§ **GIVEN MATERIAL**
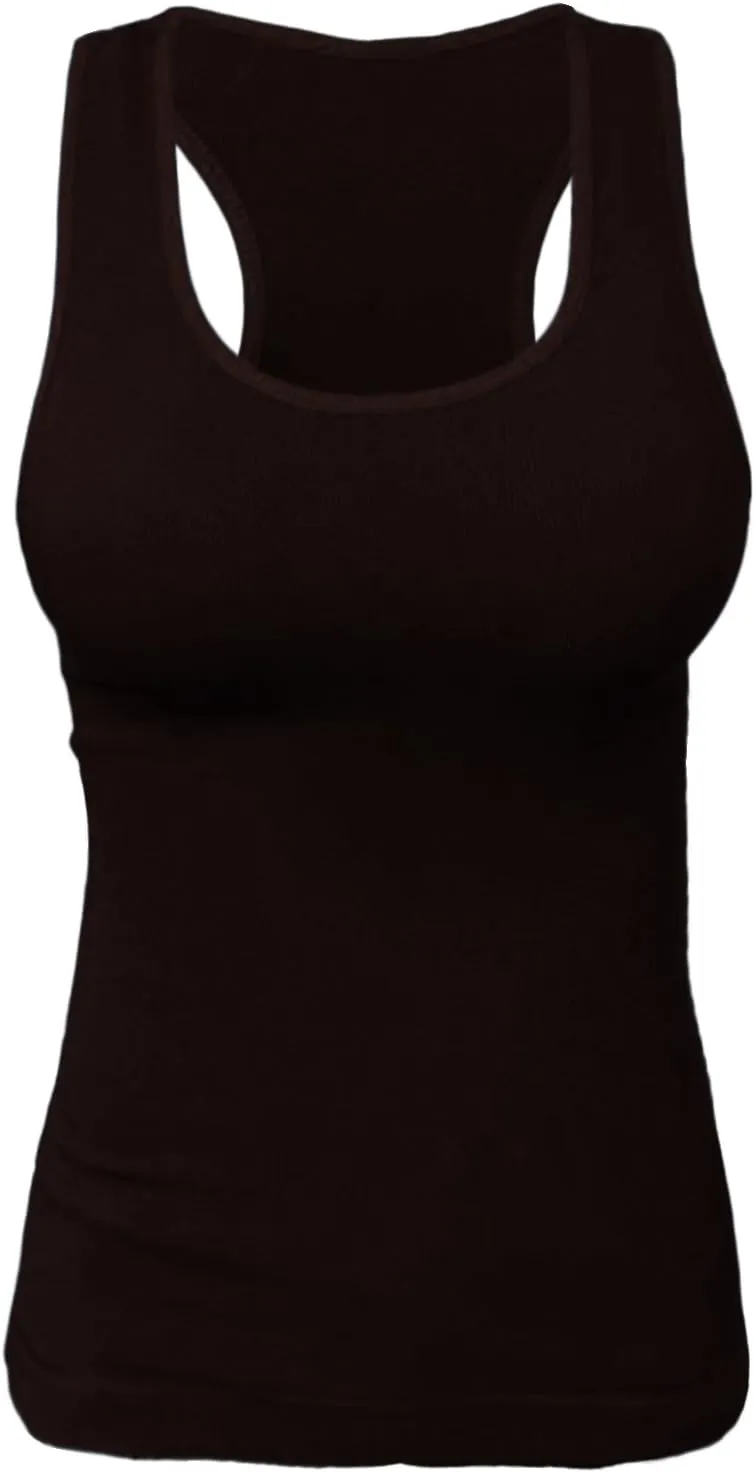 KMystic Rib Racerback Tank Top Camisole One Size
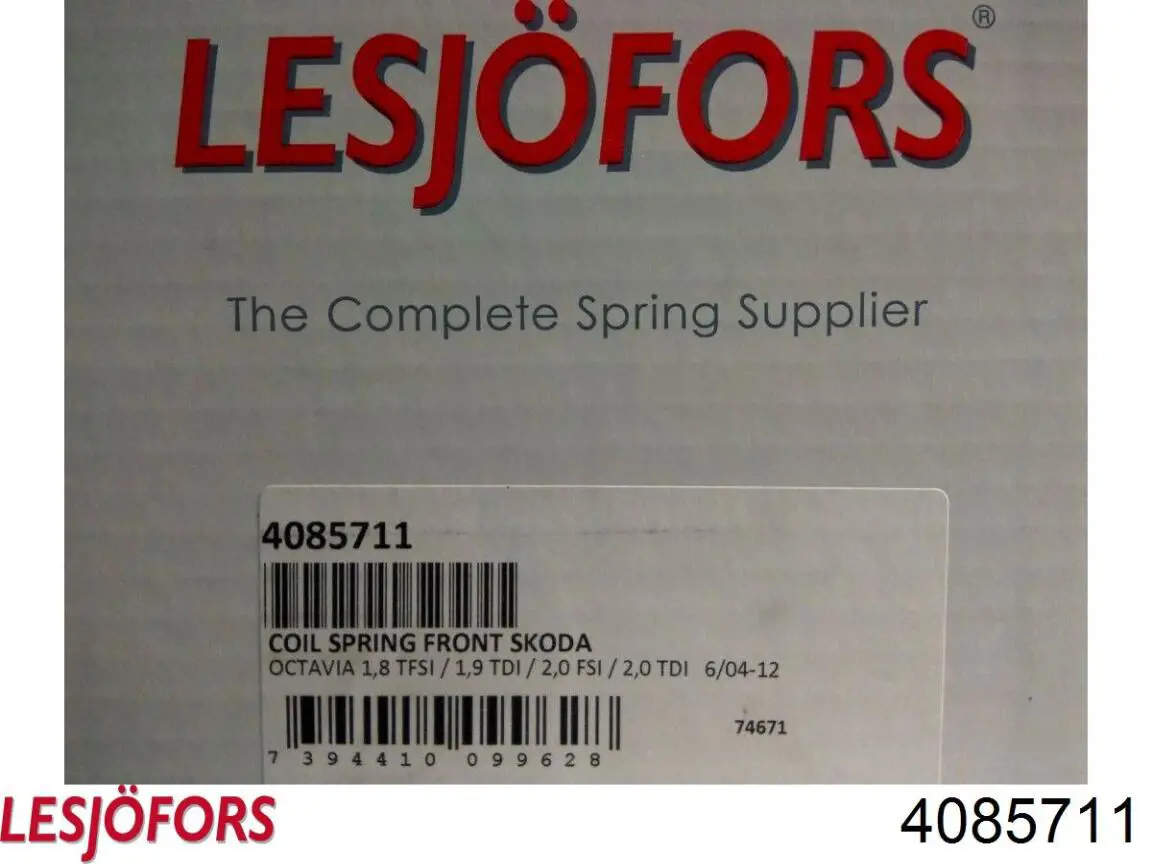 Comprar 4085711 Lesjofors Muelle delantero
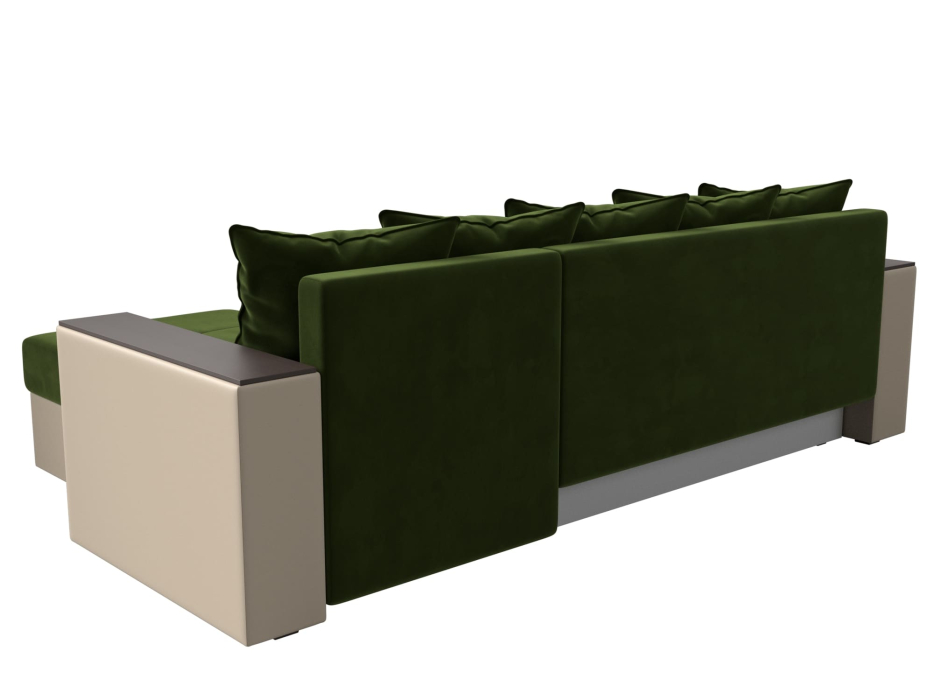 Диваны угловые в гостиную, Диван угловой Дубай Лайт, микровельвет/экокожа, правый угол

§ **EXERCISE GOAL**
Without including any pictures, set down word for word every line from the one containing "Comprar 4085711 Lesjofors Muelle delantero" through the last line of the material.

§ **EXPECTED OUTPUT**
 Comprar 4085711 Lesjofors Muelle delantero
 Диваны угловые в гостиную, Диван угловой Дубай Лайт, микровельвет/экокожа, правый угол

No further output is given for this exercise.